MUSWELLBROOK Shire Council has been ordered to pay the Department of Planning and BHP's legal costs after its failed bid to improve rehabilitation of the Mount Arthur coal mine.
Land and Environment Court Justice John Robson last week ordered the council to pay the costs for the original hearing of the rehabilitation issue in 2018, and the council's recent application to have the department and BHP pay their own legal costs.
Justice Robson found while the council harboured a "genuine concern" rehabilitation of the massive mine site near Muswellbrook town was not being conducted appropriately, the public interest issue was not significant enough to warrant relieving the council of paying all legal costs after it lost the case.
The council initiated legal action against Mount Arthur coal mine in August, 2017 following a complaint to the Department of Planning that it was not enforcing a 2014 condition of consent at the mine site. The condition required the mine to rehabilitate areas using a contemporary natural landform system that leaves overburden embankments in a more natural state, rather than traditional benched, with more natural water flows to reduce erosion.
The council argued the 2014 condition required the mine to apply the method across the entire mine site, rather than a "showcase" area within the rehabilitation strategy accepted by the Department of Planning.

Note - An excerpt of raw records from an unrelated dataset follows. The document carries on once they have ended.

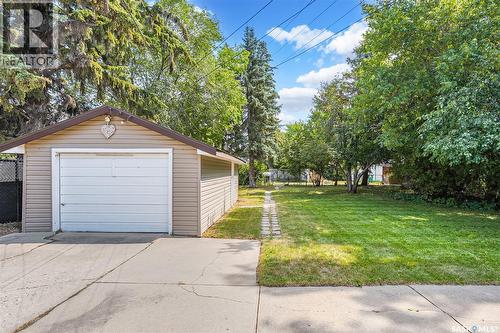 2409 York Avenue, Saskatoon, SK - Outdoor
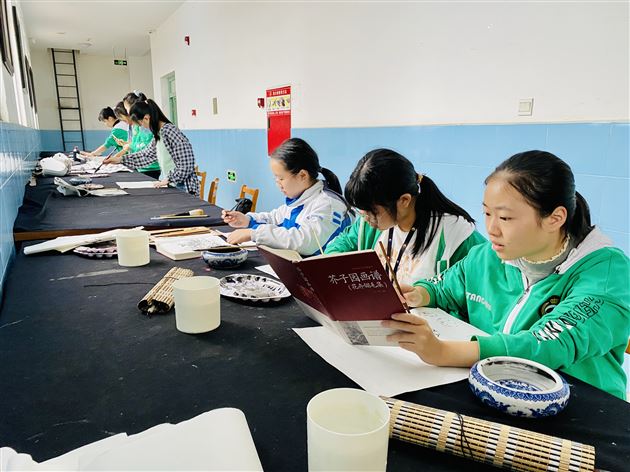 融美育人 向美而生——棠外初2022级美术第二课堂开课啦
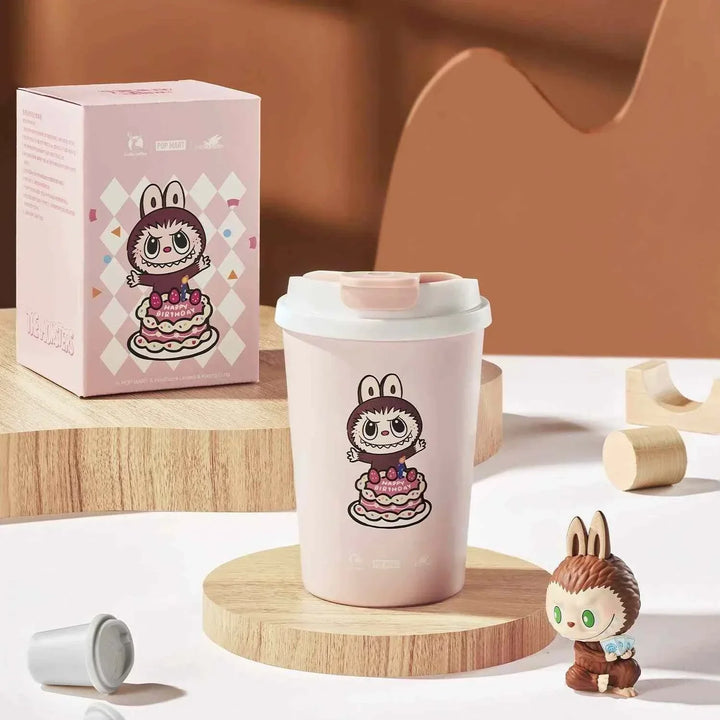 كوب The Monsters بتصميم كرتوني متغير اللون عند الحرارة.
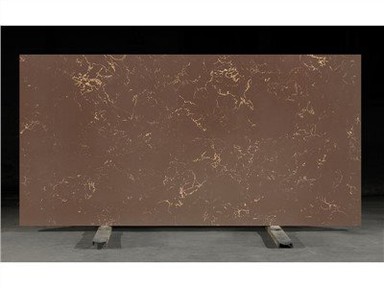 गोल्डन नसों के साथ ब्राउन मार्बल लुक क्वार्ट्ज स्टोन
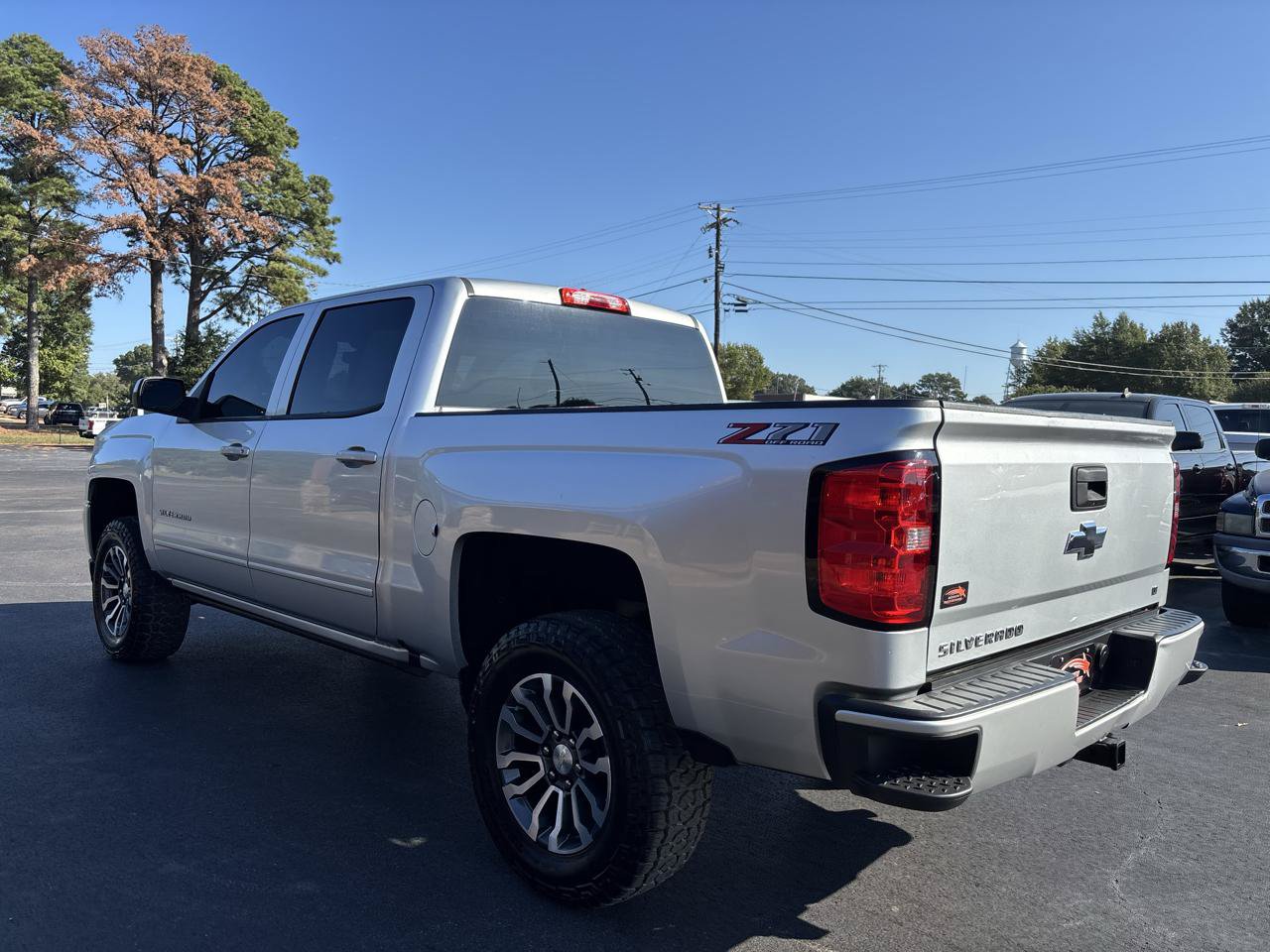 Used 2018 Chevrolet Silverado 1500 LT w/ All Star Edition AWD/4WD image 7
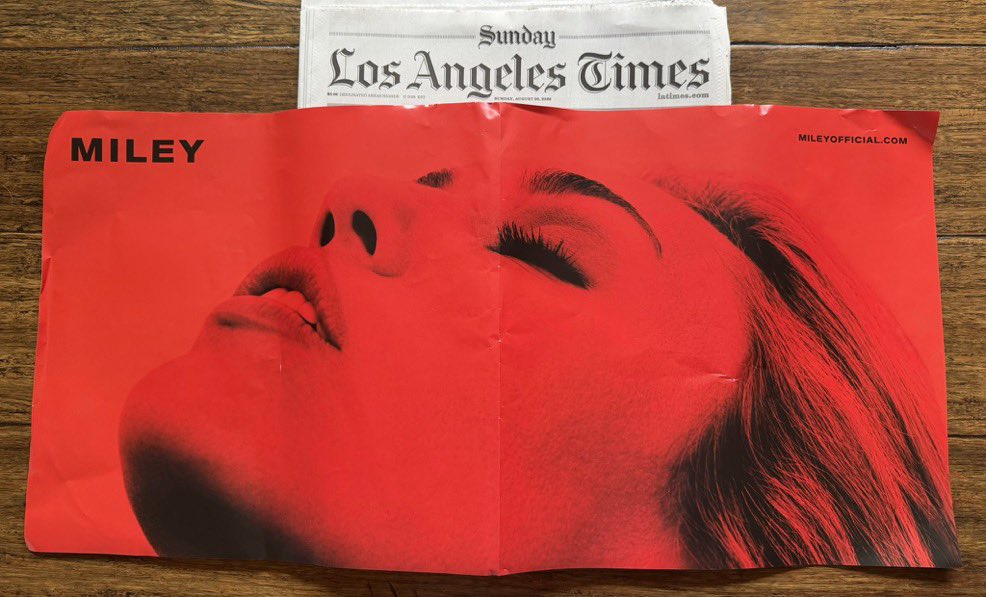 TudoMiley's tweet photo. LA Times incluiu pôsteres promocionais de Miley Cyrus na edição deste domingo do jornal. https://t.co/PGq2G8XPSH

An expert for Mount Arthur told the Land and Environment Court it would cost BHP more than $107 million to "retrospectively" rehabilitate areas that had already been rehabilitated using the traditional benching method.
Council lost the case in December after Justice Robson found the 2014 approval did not require Mount Arthur to re-disturb formerly rehabilitated mine areas, "irrespective of whether better environmental outcomes might be achieved by doing so".
Justice Robson accepted Mount Arthur's rehabilitation strategy was an "aspirational" document responding to the department's requirements that rehabilitated mine sites should be safe, stable, non-polluting, vegetated, and final void high walls should minimise instability risk "to the greatest extent practicable".
The Department of Planning's acceptance of an "aspirational" strategy was legally reasonable, in part because mining and rehabilitation are "dynamic and ongoing", Justice Robson said.
Justice Robson said there was no indication the Department of Planning had "embraced" the "more exacting conditions" supported by the council.
"I accept that the proper rehabilitation of the mine is a significant matter for future generations and that council harbours a genuine concern that such rehabilitation is not being conducted appropriately," Justice Robson said.
"I note that the court has not been asked to make an adjudication of the merits of the scheme of rehabilitation being undertaken at the mine or on the appropriate standards of mining rehabilitation more generally. It is always open to Parliament and the relevant consent authorities to impose more stringent conditions and rigorous processes in respect of rehabilitation," he said.
BHP defended its rehabilitation of the mine in a statement in December after the original decision.
"We are currently using leading practice landform design and this underpins the effective revegetation process. Rehabilitation is inspected by government annually and assessed against criteria that has been developed in consultation with the community," a BHP spokesperson said.